1. The problem statement, all variables and given/known data
Determine the observed angular velocity from the origin of the reference frame for an object shown in the figure. The observed angular velocity is defined as the rate with which the observed direction on the object (measured in radians) changes in time.

Hint: The observed angular velocity is the ratio $\omega_0 = \Delta \varphi_0 / \Delta t$, where $\Delta t = t_2 - t_1$ and $\Delta \varphi_0 = \varphi_0(t_1^*) - \varphi_0(t_2^*)$ is the change of the angle $\varphi$, the polar angle which the star position had at times $t_1^*$ and $t_2^*$. These are the times when the light detected by the observer at $t_1$ and $t_2$ was emitted. The object is located at $(x_1, y_1)$ at time $t_1^*$ and it is located at $(x_2, y_2)$ at time $t_2^*$. However, $t_1$ and $t_2$,the observation times at the origin for these two events, are different from $t_1^*$ and $t_2^*$ because light takes a certain time to propagate from the object to the origin of the coordinate system.

2. Relevant equations
$\omega = \Delta \varphi_0 / \Delta t$
$\omega = \frac{|\vec{v}|sin(\theta)}{|\vec{r}|}$ (alternative formula for angluar velocity)

3. The attempt at a solution

Before I knew about the alternative formula for angular velocity, I tried solving this question like this:

$t_1 = d_1/c + t_1^*$, where $d_1 = \sqrt{x_1^2 + y_1^2}$ and
$t_2 = d_2/c + t_2^*$, where $d_2 = \sqrt{x_2^2 + y_2^2}$. Also $\varphi_0(t_1^*) = arctan(y_1/x_1)$ and $\varphi_0(t_2^*) = arctan(y_2/x_2)$, so that $\Delta \varphi_0 / \Delta t = \frac{arctan(y_1/x_1) - arctan(y_2/x_2)}{d_1/c + t_1^* - d_2/c - t_2^*}$.

I think that this is technically correct, but my lecturer said that this isn't what he wanted.
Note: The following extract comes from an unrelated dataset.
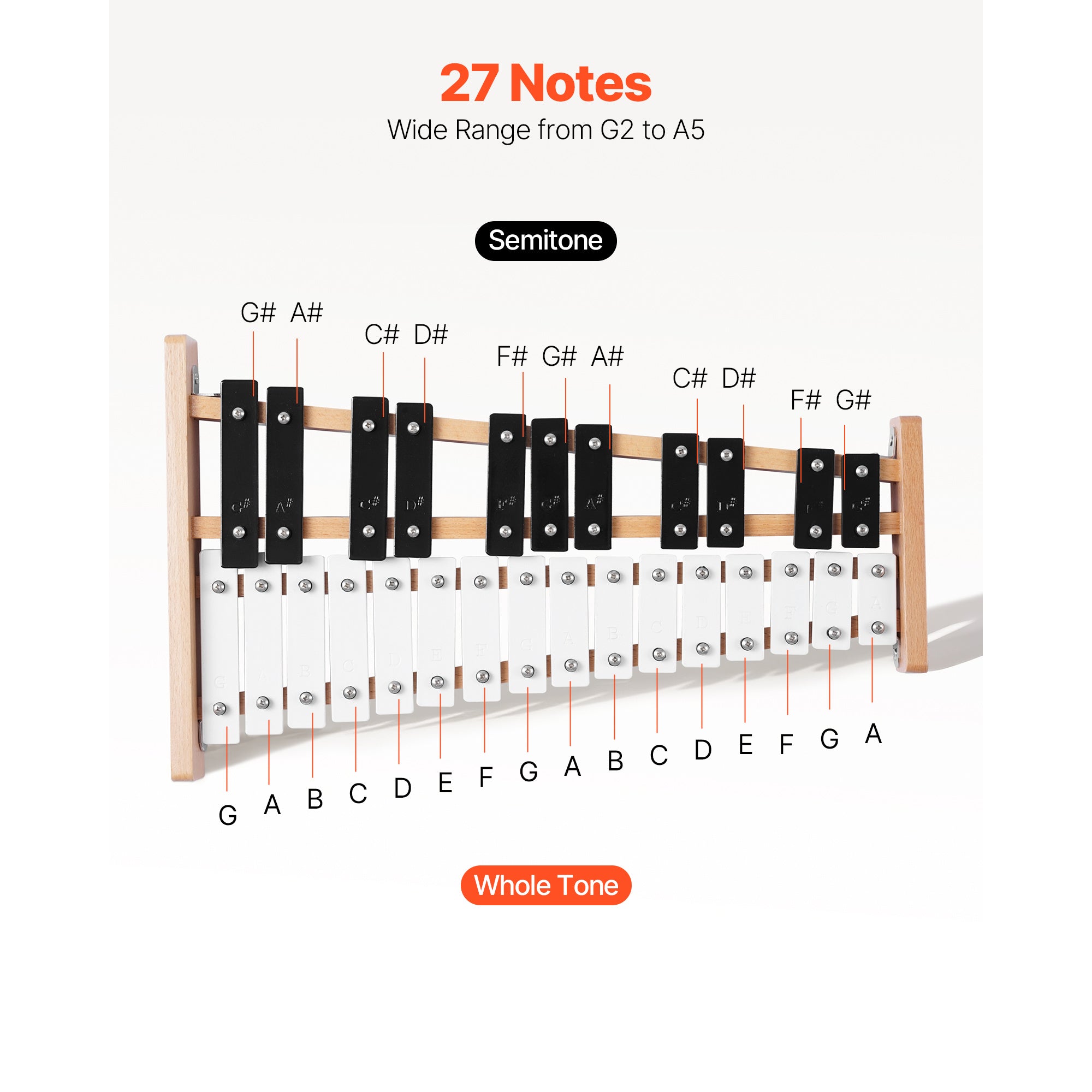 Glockenspiel-Xylophon, 27 Töne für den Musikunterricht für Erwachsene und Kinder – Detailansicht 2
He said that we should consider the angle $\Delta \varphi_0$ to be very small, and that this question could be solved using some basic geometry. I'm pretty bad at geometry so I can't see what I'm supposed to do, but I think it must involve the angle $\theta$ in the diagram and the alternative formula for angular velocity. Could anyone help?

Last edited: Jul 29, 2011
2. Jul 29, 2011

### davidj89

maybe expand out arctan (Taylor series) and see what happens? idk how that would make it prettier (only first approximation)

3. Jul 29, 2011

Well, as I say, I don't think that what I did at first is what they wanted. I think I have to use the formula given in the question, $\omega_0 = \Delta \varphi_0 / \Delta t$, as well as the geometry of the diagram to get a new expression for the angular velocity. The question doesn't say what kind of expression I'm supposed to get. Now that I think about, it may be that they want me to derive the other formula for angular velocity, i.e. $\omega = \frac{|\vec{v}|sin(\theta)}{|\vec{r}|}$, using the geometry of the diagram. I'm not quite sure how to do this though.